En effet, si ce que décrit Franck Bouysse n’est pas en dehors du temps, la guerre n’y apparaît que comme une toile de fond qui certes bouleverse la vie du pays mais semble une fatalité. Les combats sont ailleurs et d’un autre ordre. Les différences sociales, tant du côté d’Hélène que de sa fille, sont volontairement niées sur un registre tout à fait romantique. Anna aime Joseph en dépit – ou en raison – de ses origines paysannes très éloignées de ses propres habitudes citadines. Les tensions entre les familles sont intestines, elles ont peu à voir avec la Première Guerre mondiale et c’est dans cet espace symbolique des fermes que se battent le Bien et le Mal.
On trouvera ici des thèmes qui évoluent et se complexifient au fil des romans de Franck Bouysse parfois traités à la limite du fantastique à la manière de ce qui s’écrit dans les contes. Il y a tout d’abord la mise au monde d’un enfant. Le thème revient dans "La paix du désespoir", dans "Né d’aucune femme", dans "Grossir le ciel", et dans "Plateau" où Georges sera l’enfant de substitution. Ici, dans "Glaise", il y aura aussi un enfant de substitution. L’enfant d’Irène vient remplacer le frère mort au combat en ce sens il répare la perte d’Eugène, mais – comme si sa fonction s’arrêtait là – il disparaît à la naissance :
"Alors, un cri monta dans la gorge d’Irène, sortit, comme si elle expulsait les flammes de l’enfer par sa bouche, lorsqu’elle prit définitivement conscience de ses mains collées l’une à l’autre, et dans lesquelles il n’y avait personne."
Quant à Joseph, il remplace le père parti au front, mais il est surtout - autre thème important - le Rédempteur. Celui qui a vu sa grand-mère mourir, celui sur lequel pèse la culpabilité même si ce n’est pas, comme dans "La paix du désespoir" ou dans "Grossir le ciel" celui qui en naissant est responsable de la mort de sa mère.
Thème important dans l’œuvre de Franck Bouysse, le Rédempteur, est aussi celui qui défend Anna contre le monstre assoiffé de sexe, il sera également celui qui fait le lien avec le passé.
"Il pensa à son grand-père, aussi à l’histoire qui ne faisait que se répéter. Acceptant la sentence de la foudre, son héritage."

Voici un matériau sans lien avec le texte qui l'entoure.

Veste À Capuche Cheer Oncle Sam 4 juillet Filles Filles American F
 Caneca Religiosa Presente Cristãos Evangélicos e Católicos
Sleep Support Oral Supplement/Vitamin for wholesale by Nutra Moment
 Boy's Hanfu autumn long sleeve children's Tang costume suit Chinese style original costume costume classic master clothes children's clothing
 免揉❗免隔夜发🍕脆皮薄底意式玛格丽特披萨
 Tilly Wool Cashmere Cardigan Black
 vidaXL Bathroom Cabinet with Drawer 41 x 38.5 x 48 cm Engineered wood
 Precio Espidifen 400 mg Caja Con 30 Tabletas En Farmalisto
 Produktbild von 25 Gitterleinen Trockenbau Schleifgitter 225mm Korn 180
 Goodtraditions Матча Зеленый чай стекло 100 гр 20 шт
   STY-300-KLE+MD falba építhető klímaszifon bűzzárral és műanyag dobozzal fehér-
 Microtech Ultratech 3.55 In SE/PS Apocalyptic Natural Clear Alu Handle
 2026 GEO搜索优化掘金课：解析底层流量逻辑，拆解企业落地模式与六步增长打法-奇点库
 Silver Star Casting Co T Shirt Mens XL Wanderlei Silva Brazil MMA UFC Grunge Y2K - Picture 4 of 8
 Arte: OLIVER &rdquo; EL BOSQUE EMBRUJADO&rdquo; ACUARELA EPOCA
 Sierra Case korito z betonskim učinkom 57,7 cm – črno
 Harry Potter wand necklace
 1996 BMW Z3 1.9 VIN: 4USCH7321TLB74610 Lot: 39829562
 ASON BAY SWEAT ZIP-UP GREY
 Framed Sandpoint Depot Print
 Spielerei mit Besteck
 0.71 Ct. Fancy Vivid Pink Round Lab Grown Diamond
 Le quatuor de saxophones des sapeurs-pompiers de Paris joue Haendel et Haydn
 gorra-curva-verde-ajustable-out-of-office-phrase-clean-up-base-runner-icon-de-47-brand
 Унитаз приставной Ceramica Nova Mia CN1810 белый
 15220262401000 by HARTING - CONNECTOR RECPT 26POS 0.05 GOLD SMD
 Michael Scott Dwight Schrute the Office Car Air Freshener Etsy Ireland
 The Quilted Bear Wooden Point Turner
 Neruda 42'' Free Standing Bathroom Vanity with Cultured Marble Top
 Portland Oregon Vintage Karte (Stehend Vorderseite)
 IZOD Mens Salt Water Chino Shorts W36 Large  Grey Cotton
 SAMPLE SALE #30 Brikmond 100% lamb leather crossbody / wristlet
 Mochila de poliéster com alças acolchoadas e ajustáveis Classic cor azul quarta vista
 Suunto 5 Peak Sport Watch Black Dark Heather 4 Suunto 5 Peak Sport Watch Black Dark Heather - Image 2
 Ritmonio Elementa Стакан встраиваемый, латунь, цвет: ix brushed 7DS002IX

Le sacrifice du Rédempteur s’impose pour purifier le roman de la tentative d’exécution du meurtrier. On aura noté que l’auteur exonère Joseph de ce crime en laissant Valette responsable de sa propre chute. La mort du Rédempteur, son sacrifice qui était explicite dans "La paix du désespoir", ici semble n’être qu’une évocation :
"Car il ne savait alors s’il avait pénétré le royaume des morts, s’il en était ressorti, ou s’il était seulement à sa porte
[…] Et lorsqu’il se releva, ouvrant enfin les yeux, il la vit.
Et ce fut tout."

Le texte cependant reste ambigu. Comme s’il n’était pas possible d’échapper à ce sacrifice. Ce que voit Joseph, on ne sait si c’est Anna ou son image "devenue corps et âme".
Petit à petit en lisant les romans de Franck Bouysse on perçoit la cohérence de l’oeuvre, ce qui fait que ce sont plus que de simples polars.